KK: Where did you grow up? How does that play into your relationship with cities?

OM: I grew up in Olympia, in Washington State. It’s very passive. People don’t seem to want to talk to one another. 

KK: And that’s a vibe you like?

OM: No, no. I want to talk to people; I just don’t need the pleasantries. 

KK: You mentioned Olympia in cities as fathers once I think, “He was yelling at the sky, cursing the heavens… In Olympia someone is cursing something at all hours of the day.” 

I wrote cities in a weird time of my life, a returning to myself, a coming back together. I was living in Philadelphia,  which really took me in…. It became a surrogate home, a surrogate father, if you may.

OM: Olympia is at the bottom of the sound. Washington has this inlet in between the peninsula and the rest of the state. Most of the population lives around the sound. Its first name was the Salish Sea. At the bottom of the Salish Sea is Olympia. And it’s where everything kind of gets stuck.
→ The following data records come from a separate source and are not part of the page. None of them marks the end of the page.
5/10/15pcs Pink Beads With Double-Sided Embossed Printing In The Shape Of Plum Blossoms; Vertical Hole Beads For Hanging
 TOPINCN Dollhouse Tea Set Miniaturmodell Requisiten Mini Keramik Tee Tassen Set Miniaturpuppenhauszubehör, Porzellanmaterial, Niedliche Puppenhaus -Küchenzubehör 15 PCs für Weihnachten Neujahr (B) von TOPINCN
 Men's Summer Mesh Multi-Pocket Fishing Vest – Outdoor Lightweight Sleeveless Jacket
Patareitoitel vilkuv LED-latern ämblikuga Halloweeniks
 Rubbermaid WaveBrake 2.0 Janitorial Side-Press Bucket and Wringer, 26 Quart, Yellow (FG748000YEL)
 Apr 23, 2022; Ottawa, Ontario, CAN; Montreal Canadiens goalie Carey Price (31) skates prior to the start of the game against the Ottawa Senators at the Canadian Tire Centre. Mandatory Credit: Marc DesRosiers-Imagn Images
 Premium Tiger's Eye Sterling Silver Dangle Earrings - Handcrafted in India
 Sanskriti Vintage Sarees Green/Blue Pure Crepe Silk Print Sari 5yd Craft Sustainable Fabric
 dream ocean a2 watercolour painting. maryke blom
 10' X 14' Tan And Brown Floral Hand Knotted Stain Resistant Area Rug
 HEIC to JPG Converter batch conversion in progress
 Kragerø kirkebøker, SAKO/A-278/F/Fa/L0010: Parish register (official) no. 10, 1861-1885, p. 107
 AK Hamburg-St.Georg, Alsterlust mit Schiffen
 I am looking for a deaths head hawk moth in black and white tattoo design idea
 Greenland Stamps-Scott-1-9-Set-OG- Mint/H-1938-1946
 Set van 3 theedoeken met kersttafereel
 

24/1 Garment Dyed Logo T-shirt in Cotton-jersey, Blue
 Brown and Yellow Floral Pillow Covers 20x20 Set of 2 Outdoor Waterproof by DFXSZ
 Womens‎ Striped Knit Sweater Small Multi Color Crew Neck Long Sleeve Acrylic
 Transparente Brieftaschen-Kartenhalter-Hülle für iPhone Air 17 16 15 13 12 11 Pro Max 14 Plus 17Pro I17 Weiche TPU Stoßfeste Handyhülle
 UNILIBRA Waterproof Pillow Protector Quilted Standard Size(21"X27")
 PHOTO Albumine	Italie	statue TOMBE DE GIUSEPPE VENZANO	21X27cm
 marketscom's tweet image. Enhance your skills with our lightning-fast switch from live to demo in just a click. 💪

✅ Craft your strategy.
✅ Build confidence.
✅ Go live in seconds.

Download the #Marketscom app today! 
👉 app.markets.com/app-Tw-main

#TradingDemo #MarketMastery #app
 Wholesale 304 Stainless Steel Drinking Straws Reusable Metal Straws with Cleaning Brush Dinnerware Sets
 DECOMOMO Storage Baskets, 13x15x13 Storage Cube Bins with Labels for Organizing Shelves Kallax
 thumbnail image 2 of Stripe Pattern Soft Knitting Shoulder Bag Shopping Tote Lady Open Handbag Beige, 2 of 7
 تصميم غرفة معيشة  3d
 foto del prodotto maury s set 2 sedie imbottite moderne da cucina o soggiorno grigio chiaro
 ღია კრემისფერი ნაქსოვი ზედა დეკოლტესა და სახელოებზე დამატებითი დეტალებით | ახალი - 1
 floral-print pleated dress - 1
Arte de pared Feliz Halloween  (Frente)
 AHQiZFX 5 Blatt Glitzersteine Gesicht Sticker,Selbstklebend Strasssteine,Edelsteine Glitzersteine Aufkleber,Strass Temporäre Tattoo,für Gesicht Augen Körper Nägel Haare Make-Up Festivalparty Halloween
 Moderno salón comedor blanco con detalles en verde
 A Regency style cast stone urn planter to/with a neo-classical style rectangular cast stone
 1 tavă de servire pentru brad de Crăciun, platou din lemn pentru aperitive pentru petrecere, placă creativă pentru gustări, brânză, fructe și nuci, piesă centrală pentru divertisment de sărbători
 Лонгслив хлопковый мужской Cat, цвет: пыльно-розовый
I feel like there’s a stuckness there. The mudflats are down there. When the tide goes out, it’s not just normal sand, it’s basically quicksand. You just get stuck in it, you get stuck in this mud. And there’s lots of industry and lots of past. Anyway, that’s a different book. But the point is, I think about Olympia as a place where people go when they are trying to figure something out, and so there’s this constant agitation. So that line comes from this neverending agitation.

I wrote cities in a weird time of my life, a returning to myself, a coming back together. I was living in Philadelphia,  which really took me in. The longing I was feeling for a person had similar dimensions to my longing for home. I was also living in Philadelphia when the war in Ukraine started—it became a surrogate home, a surrogate father, if you may. But I don’t believe I have a singular city father. They all play a role. 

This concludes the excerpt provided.